Beata Teresa di Calcutta (1910-1997), fondatrice delle Suore Missionarie della Carità 
No Greater Love 



« Le mie pecore ascoltano la mia voce »

Riterrai difficile pregare, se non sai come fare. Ognuno di noi deve aiutare se stesso a pregare: in primo luogo, ricorrendo al silenzio; non possiamo infatti metterci in presenza di Dio se non pratichiamo il silenzio, sia interiore che esteriore. Fare silenzio dentro di sè non è facile, eppure è uno sforzo indispensabile; solo nel silenzio troveremo una nuova potenza e una vera unità. La potenza di Dio diverrà nostra per compiere ogni cosa come conviene; lo stesso sarà riguardo all'unità dei nostri pensieri con i suoi pensieri, all'unità delle nostre preghiere con le sue preghiere, all'unità delle nostre azioni con le sue azioni, della nostra vita con la sua vita. L'unità è il frutto della preghiera, dell'umiltà, dell'amore.

Nel silenzio del cuore, Dio parla; se starai davanti a Dio nel silenzio e nella preghiera, Dio ti parlerà. E saprai allora che non sei nulla. Soltanto quando riconoscerai il tuo non essere, la tua vacuità, Dio potrà riempirti con se stesso. Le anime dei grandi oranti sono delle anime di grande silenzio.

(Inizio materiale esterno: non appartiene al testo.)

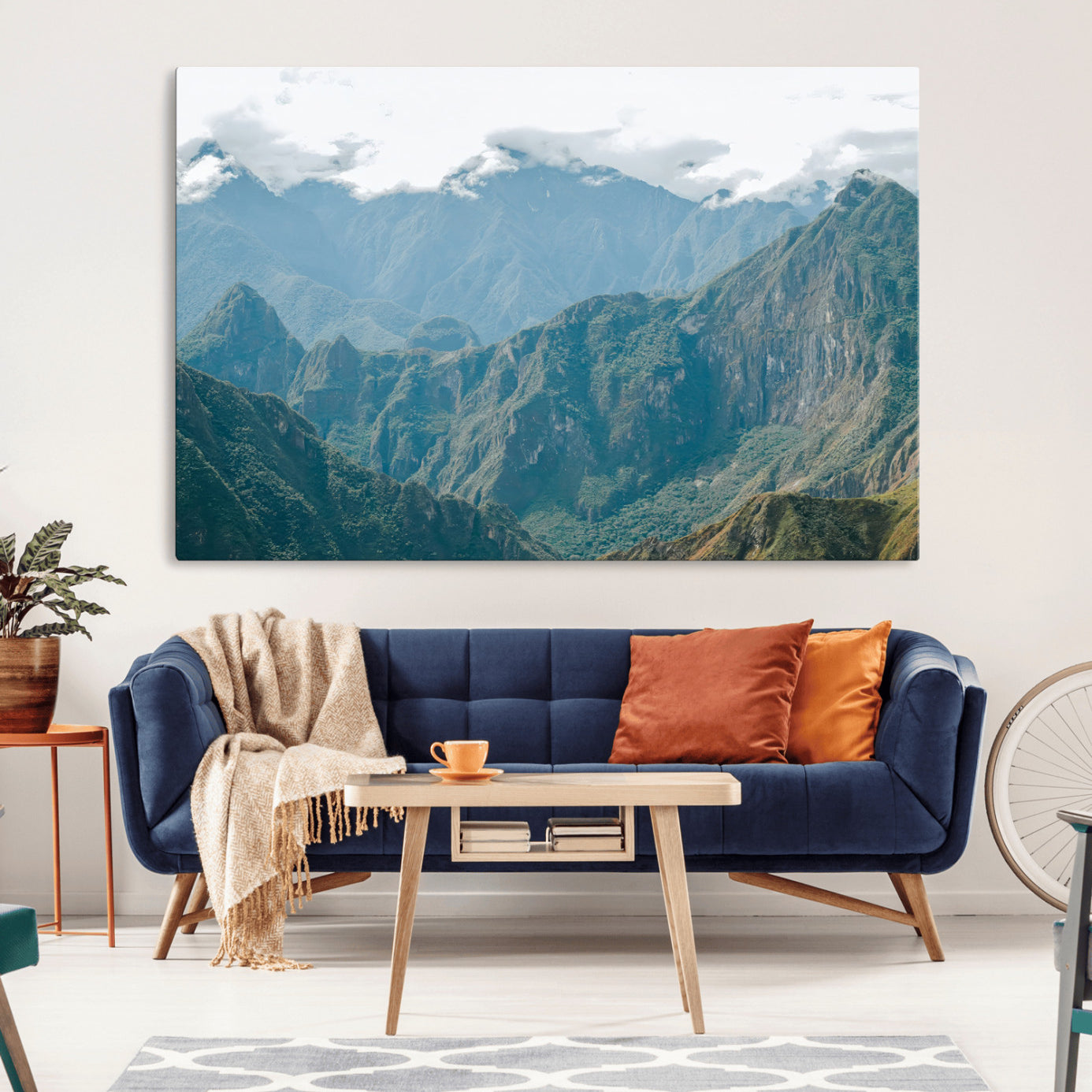 A misty mountain landscape with cloud-covered Andean peaks and lush green valleys, creating a dramatic and serene view, perfect for rustic or nature-inspired home decor.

Il silenzio ci fa vedere ogni cosa diversamente. Abbiamo bisogno del silenzio per toccare le anime degli altri. L'essenziale non è quello che diciamo, bensì quello che Dio dice – quello che dice a noi, quello che dice attraverso di noi. In un tale silenzio, egli ci ascolterà; in un tale silenzio, parlerà alla nostra anima, e udremo la sua voce.